Record excerpts.

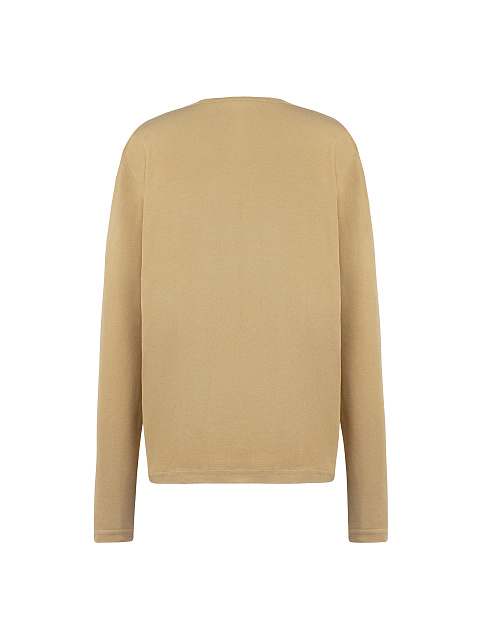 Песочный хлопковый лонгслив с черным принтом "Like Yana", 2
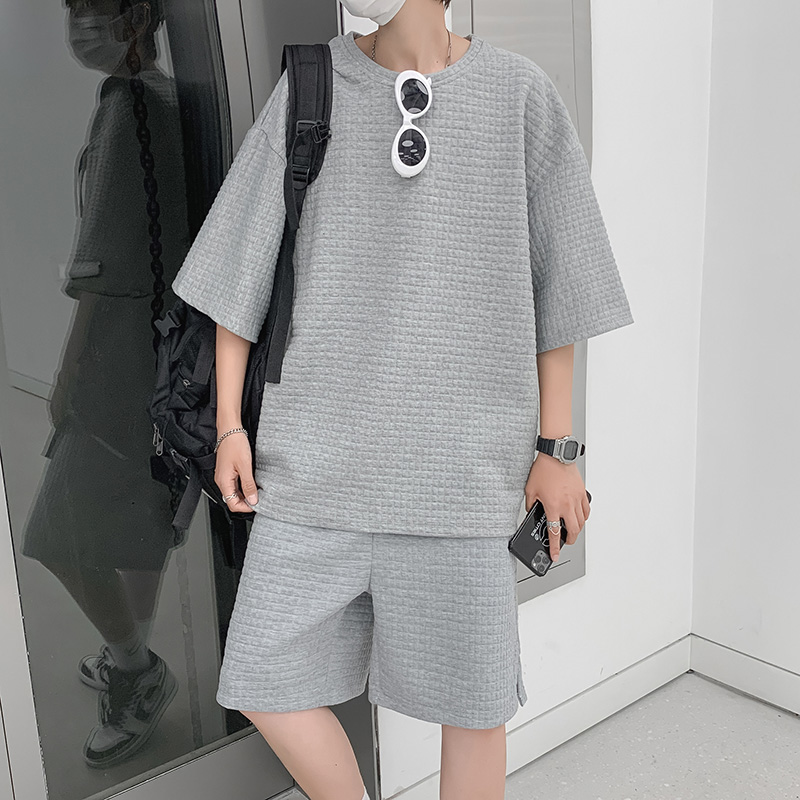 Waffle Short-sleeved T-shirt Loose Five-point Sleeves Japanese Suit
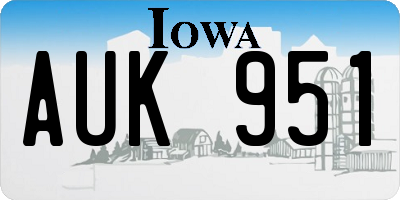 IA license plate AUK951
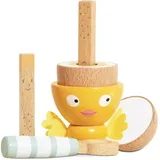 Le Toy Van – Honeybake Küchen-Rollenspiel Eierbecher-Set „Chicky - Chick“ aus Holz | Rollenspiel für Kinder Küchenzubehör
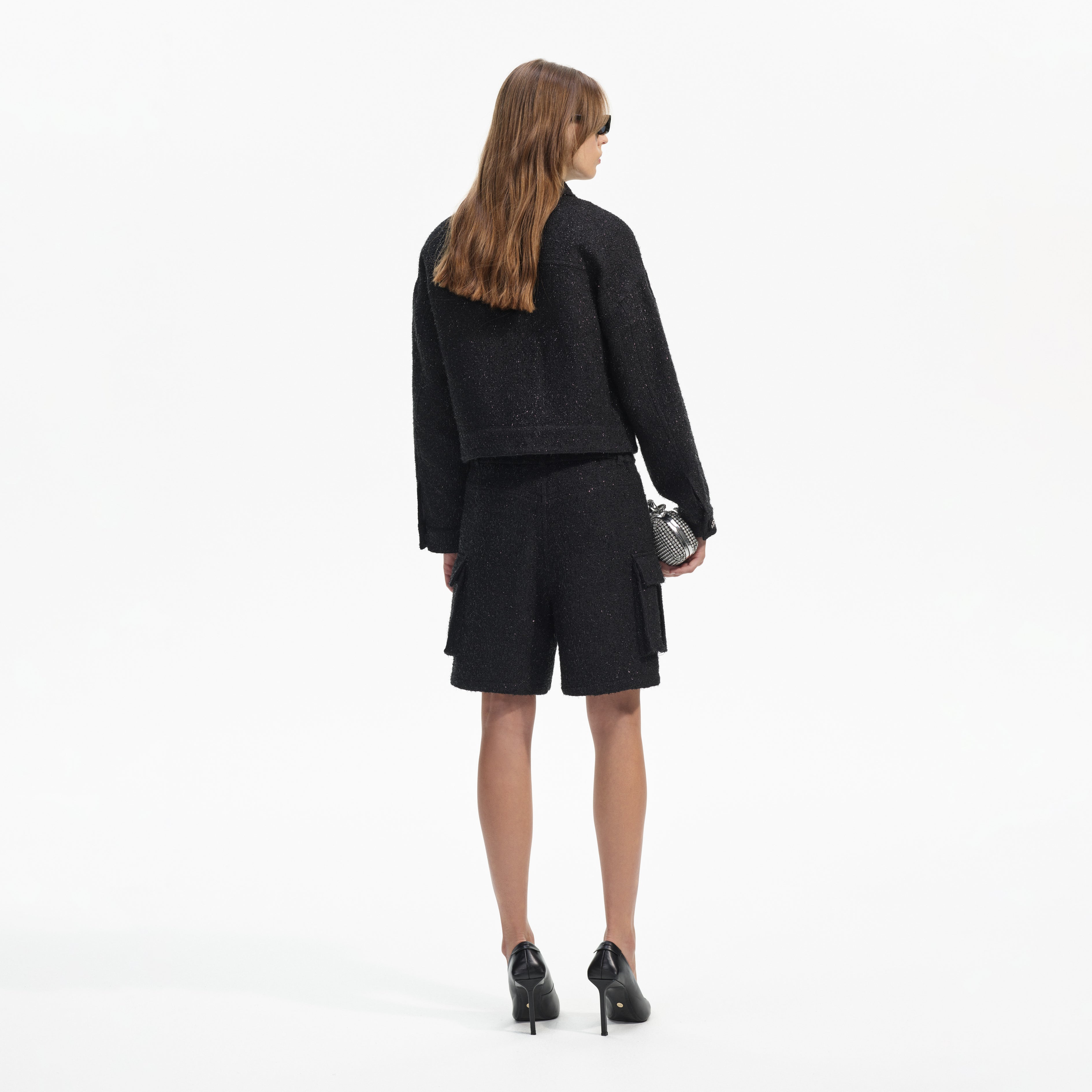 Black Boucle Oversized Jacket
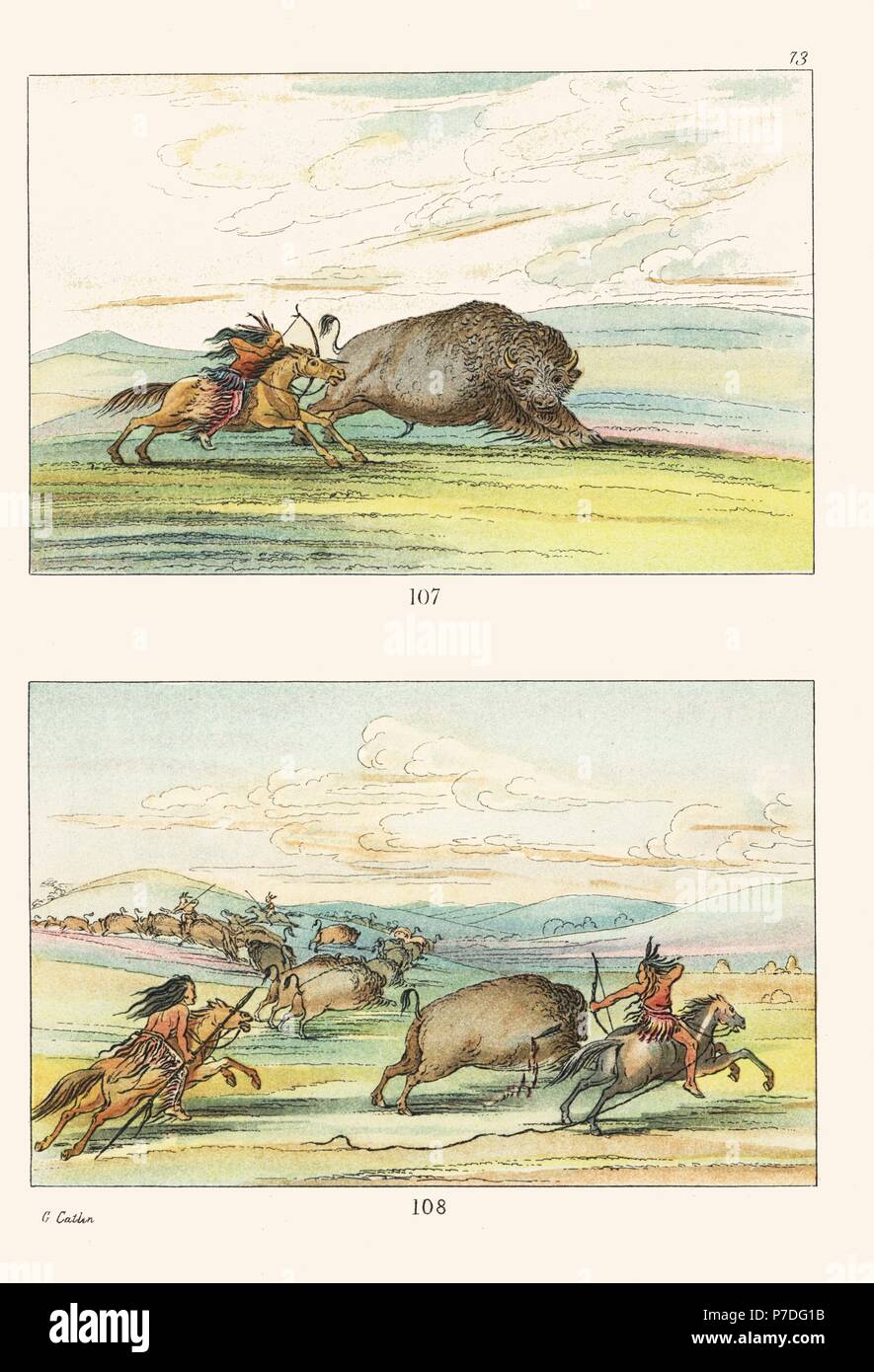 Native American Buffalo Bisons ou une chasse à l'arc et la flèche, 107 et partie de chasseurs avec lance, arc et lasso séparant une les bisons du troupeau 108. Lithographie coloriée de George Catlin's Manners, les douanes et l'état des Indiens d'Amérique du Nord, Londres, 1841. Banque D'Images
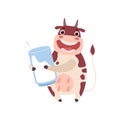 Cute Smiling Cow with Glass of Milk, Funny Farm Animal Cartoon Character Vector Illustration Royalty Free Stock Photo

--

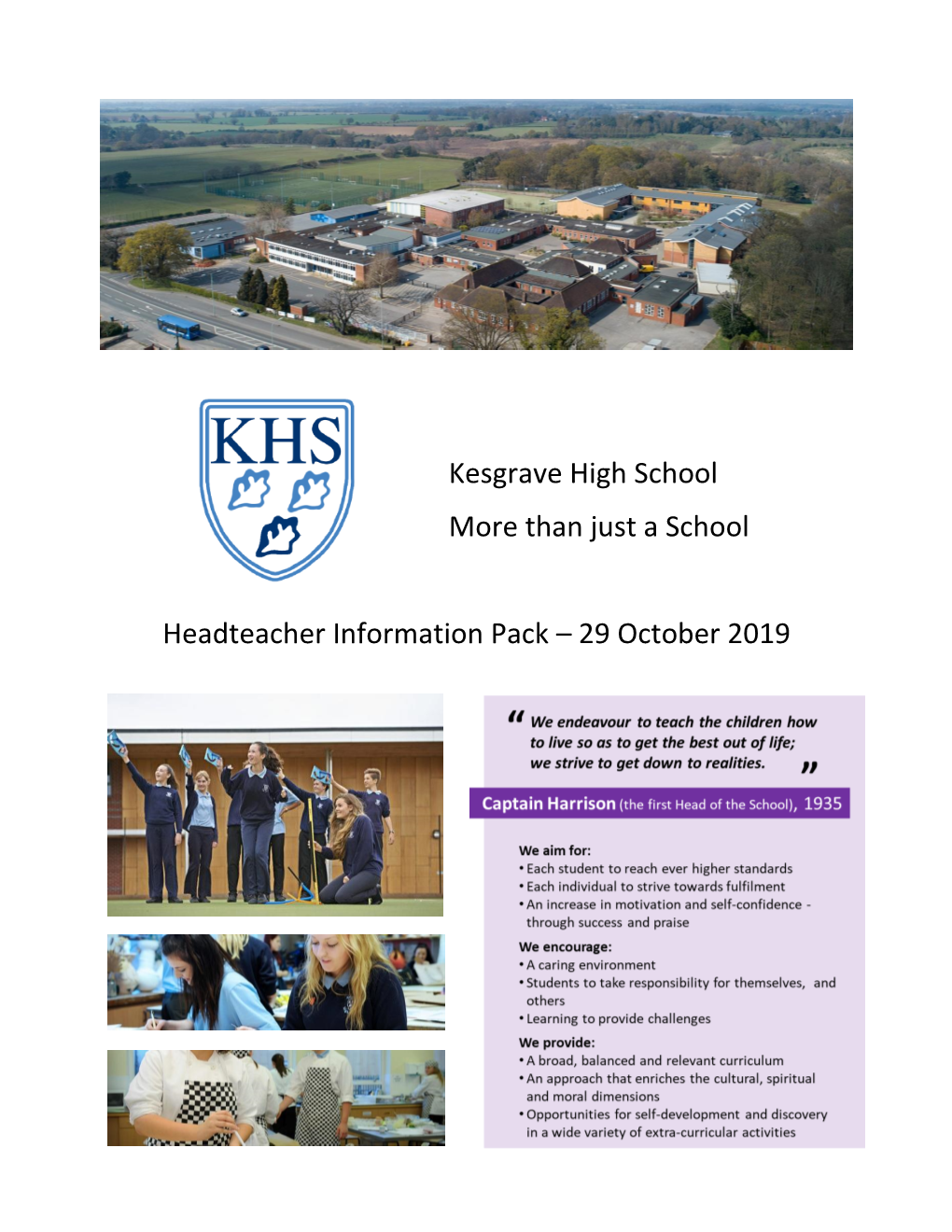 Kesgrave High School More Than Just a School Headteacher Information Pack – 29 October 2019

...

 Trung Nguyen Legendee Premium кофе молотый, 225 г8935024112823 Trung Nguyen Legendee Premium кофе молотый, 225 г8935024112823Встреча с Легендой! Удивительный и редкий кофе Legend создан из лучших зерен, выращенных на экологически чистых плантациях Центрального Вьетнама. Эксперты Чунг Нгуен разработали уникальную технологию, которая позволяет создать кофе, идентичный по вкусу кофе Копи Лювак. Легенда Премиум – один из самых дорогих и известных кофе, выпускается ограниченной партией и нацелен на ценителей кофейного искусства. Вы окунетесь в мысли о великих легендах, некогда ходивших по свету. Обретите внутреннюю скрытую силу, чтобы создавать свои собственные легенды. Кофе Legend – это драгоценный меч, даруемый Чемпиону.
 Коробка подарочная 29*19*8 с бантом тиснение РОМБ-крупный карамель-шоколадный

Task requirements. For the lines above, output exactly those from the line containing "меч, даруемый Чемпиону." through the line containing "Коробка подарочная 29*19*8", and skip the others.

Solution to this problem.
 Trung Nguyen Legendee Premium кофе молотый, 225 г8935024112823 Trung Nguyen Legendee Premium кофе молотый, 225 г8935024112823Встреча с Легендой! Удивительный и редкий кофе Legend создан из лучших зерен, выращенных на экологически чистых плантациях Центрального Вьетнама. Эксперты Чунг Нгуен разработали уникальную технологию, которая позволяет создать кофе, идентичный по вкусу кофе Копи Лювак. Легенда Премиум – один из самых дорогих и известных кофе, выпускается ограниченной партией и нацелен на ценителей кофейного искусства. Вы окунетесь в мысли о великих легендах, некогда ходивших по свету. Обретите внутреннюю скрытую силу, чтобы создавать свои собственные легенды. Кофе Legend – это драгоценный меч, даруемый Чемпиону.
 Коробка подарочная 29*19*8 с бантом тиснение РОМБ-крупный карамель-шоколадный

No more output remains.